Now in its 29th Season, Woolly Mammoth Theatre Company continues to hold its place at theatre’s leading edge. Under the leadership of Artistic Director Howard Shalwitz and Managing Director Jeffrey Herrmann, Woolly Mammoth is acknowledged as “Washington’s most daring theatre company” (The New York Times), as a regional and national leader in the development of new plays, and as one of the best known and most influential small theatres in America.  Woolly Mammoth has gained this reputation by holding fast to its unique mission: 

…to ignite an explosive engagement between theatre artists and the community by developing, producing and promoting new plays that explore the edges of theatrical style and human experience, and by implementing new ways to use the artistry of theatre to serve the people of Greater Washington, DC.  

Woolly Mammoth Theatre Company is a member of the National New Play Network, Theatre Communications Group, The League of Washington Theatres, and The Cultural Alliance of Greater Washington, and a participant in the A-ha!
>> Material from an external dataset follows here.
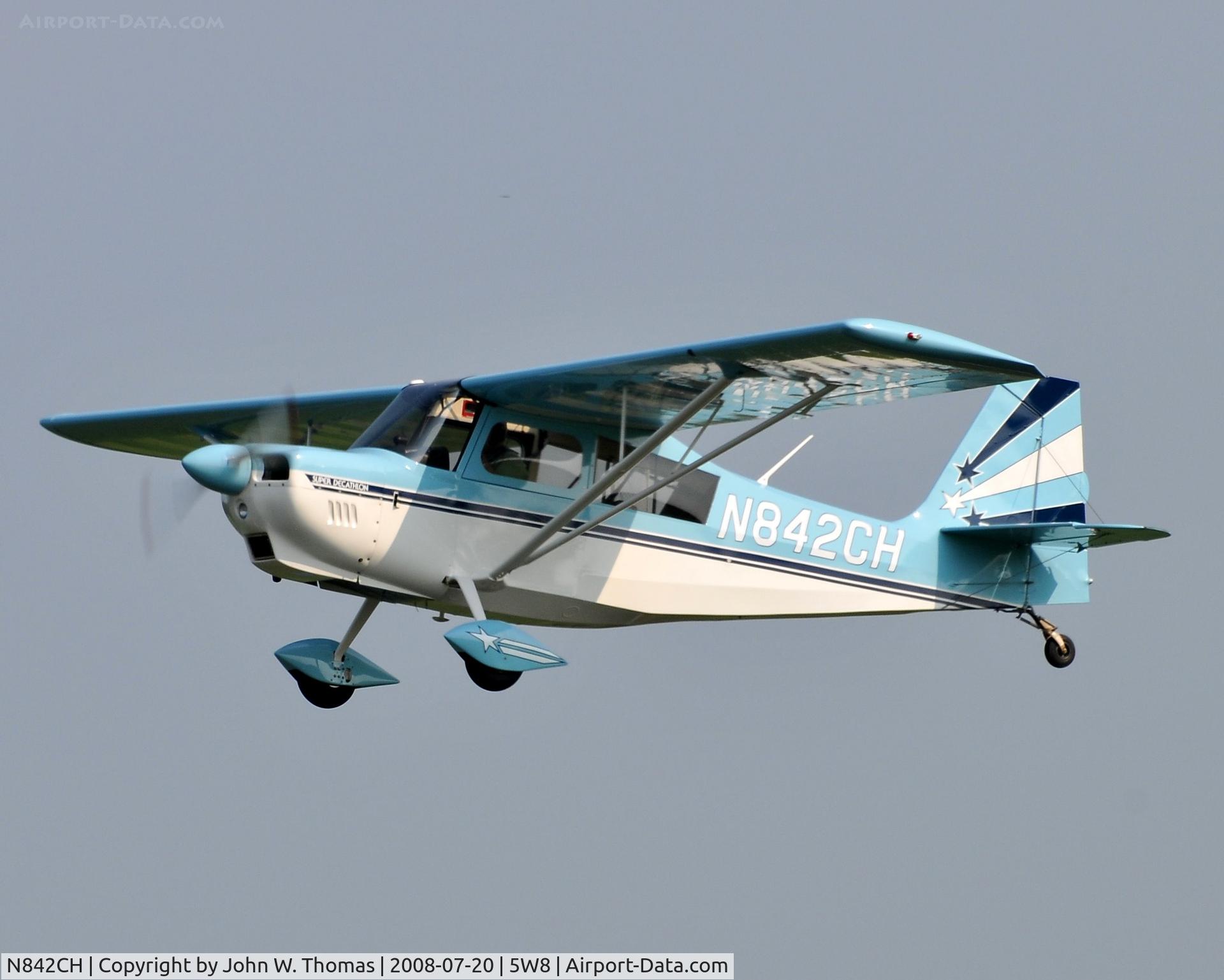 N842CH, 2007 American Champion 8KCAB Super Decathlon C/N 1043-2007, Departing runway 4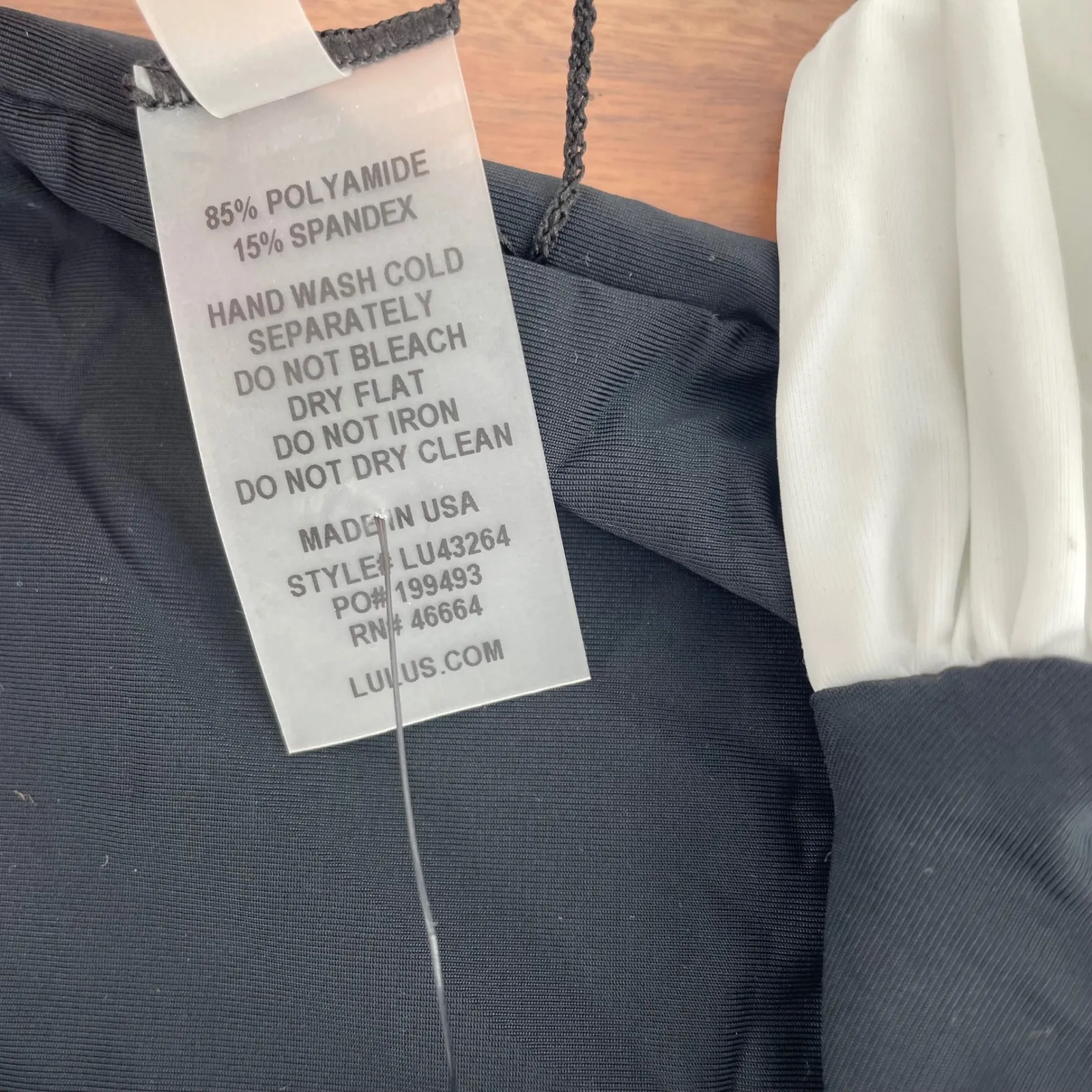 Lulus Black Bikini Bottoms M White Trim High Waist Swimsuit - Image 4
Program: Think it, Do it, funded by MetLife and administered by Theatre Communications Group, the national organization for the American theatre.  The Theatre’s programs are supported in part by The National Endowment for the Arts, the D.C. Commission on the Arts and Humanities and the National Capital Arts and Cultural Affairs Program/United States Commission of Fine Arts.